N = 25000  # Number of elements in list
M = 2  # N*M == Range over which the elements span

def generateInputs():
    random.seed(12)  # Ensure every list is the same
    st = set([random.randint(0, int(N*M)) for i in range(N)])
    ls = list(st)
    ls.sort()  # Sort required for binary
    return st, ls  # Return both set and list
    
def search_set():
    st, _ = generateInputs()
    j = 0
    for i in range(0, int(N*M), M):
        if i in st:
            j += 1
    
def linear_search_list():
    _, ls = generateInputs()
    j = 0
    for i in range(0, int(N*M), M):
        if i in ls:
            j += 1
    
def binary_search_list():
    _, ls = generateInputs()
    j = 0
    for i in range(0, int(N*M), M):
        k = bisect_left(ls, i)
        if k != len(ls) and ls[k] == i:
            j += 1

            
repeats = 1000
gen_time = timeit(generateInputs, number=repeats)
print(f"search_set: {timeit(search_set, number=repeats)-gen_time:.2f}ms")
print(f"linear_search_list: {timeit(linear_search_list, number=repeats)-gen_time:.2f}ms")
print(f"binary_search_list: {timeit(binary_search_list, number=repeats)-gen_time:.2f}ms")

Searching the set is the fastest, performing 25,000 searches in 0.04ms.
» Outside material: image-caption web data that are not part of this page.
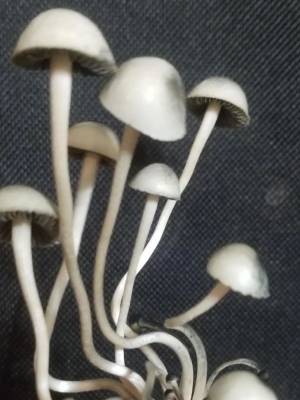 Panaeolus BVI (British Virgin Islands)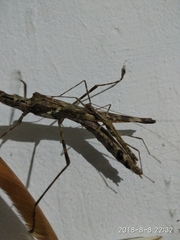Trachythorax maculicollis
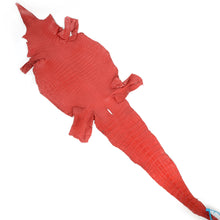 Load image into Gallery viewer, Genuine Crocodile Leather -Red (Genuine leather) for Bags, Journaling, Purses, Cuffs, Heels MLT-P0000CSV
This is followed by the binary search of the (sorted) list which is 145x slower, although the list has been filtered for duplicates. A list still containing duplicates would be longer, leading to a more expensive search. The linear search of the list is more than 56,600x slower than searching the set, it really shouldn’t be used!

OUTPUT

search_set: 0.04ms
linear_search_list: 2264.91ms
binary_search_list: 5.79ms

These results are subject to change based on the number of items and the proportion of searched items that exist within the list. However, the pattern is likely to remain the same. Linear searches should be avoided!

Callout

Dictionaries are designed to handle insertions efficiently, with average-case O(1) time complexity per insertion for a small size dict, but it is clearly problematic for large size dict. In this case, it is better to find an alternative Data Structure for example List, NumPy Array or Pandas DataFrame. The table below summarizes the best uses and performance characteristics of each data structure:

Data Structure Small Size Insertion (O(1)) Large Size Insertion Search Performance (O(1)) Best For
Dictionary ⚠️ Occasional O(n) (due to resizing) ✅ O(1) (Hashing) Fast insertions and lookups, key-value storage, small to medium data
List ✅ Amortized (O(1) Append) ✅ Efficient (Amortized O(1)) ❌ O(n) (Linear Search) Dynamic appends, ordered data storage, general-purpose use
Set ✅ Average O(1) ⚠️ Occasional O(n) (due to resizing) ✅ O(1) (Hashing) Membership testing, unique elements, small to medium datasets
NumPy Array ❌ (Fixed Size) ⚠️ Costly (O(n) when resizing) ❌ O(n) (Linear Search) Numerical computations, fixed-size data, vectorized operations
Pandas DataFrame ❌ (if adding rows) ⚠️ Efficient (Column-wise) ❌ O(n) (Linear Search) Column-wise analytics, tabular data, large datasets

NumPy and Pandas, which we have not yet covered, are powerful libraries designed for handling large matrices and arrays. They are implemented in C to optimize performance, making them ideal for numerical computations and data analysis tasks.

Key Points

  • List comprehension should be preferred when constructing lists.
  • Where appropriate, tuples should be preferred over Python lists.
  • Dictionaries and sets are appropriate for storing a collection of unique data with no intrinsic order for random access.
  • When used appropriately, dictionaries and sets are significantly faster than lists.
  • If searching a list or array is required, it should be sorted and searched using bisect_left() (binary search).